*** Input
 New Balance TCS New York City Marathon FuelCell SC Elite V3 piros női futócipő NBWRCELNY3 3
******
*** Input
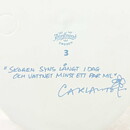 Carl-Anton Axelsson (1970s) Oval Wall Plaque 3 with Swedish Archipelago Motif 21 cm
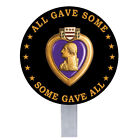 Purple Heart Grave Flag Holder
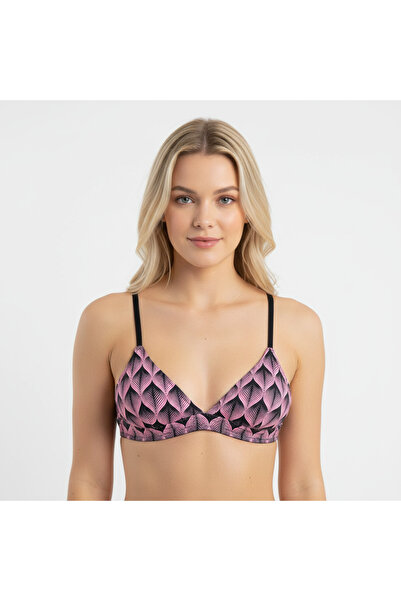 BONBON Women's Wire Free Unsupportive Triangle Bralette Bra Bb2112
******
■ Try it
Within the listing above, the stretch from the line with "Carl-Anton Axelsson (1970s)" down to the line with "BONBON Women's Wire" is to be given again exactly, end lines included and pictures excluded.

■ Solution to this task
 Carl-Anton Axelsson (1970s) Oval Wall Plaque 3 with Swedish Archipelago Motif 21 cm
 Purple Heart Grave Flag Holder
 BONBON Women's Wire Free Unsupportive Triangle Bralette Bra Bb2112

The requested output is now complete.